• _INSTRUCTIONS FOR THE TASK_: Omit all pictures, and print word for word only the lines from the one containing "MS International Eden" through the end of the data.

• _PROVIDED DATA_:
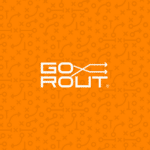 GoRout logo with orange background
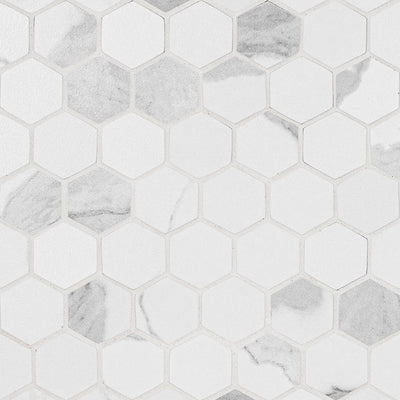 MS International Eden Hexagon 12" x 12" Porcelain Mosaic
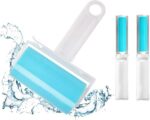 Sticky Lint Roller 3 Pack, Reusable Washable Lint Roller Pet Hair Remover Includ... - Image 2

• _OUTPUT OF THE TASK_:
 MS International Eden Hexagon 12" x 12" Porcelain Mosaic
 Sticky Lint Roller 3 Pack, Reusable Washable Lint Roller Pet Hair Remover Includ... - Image 2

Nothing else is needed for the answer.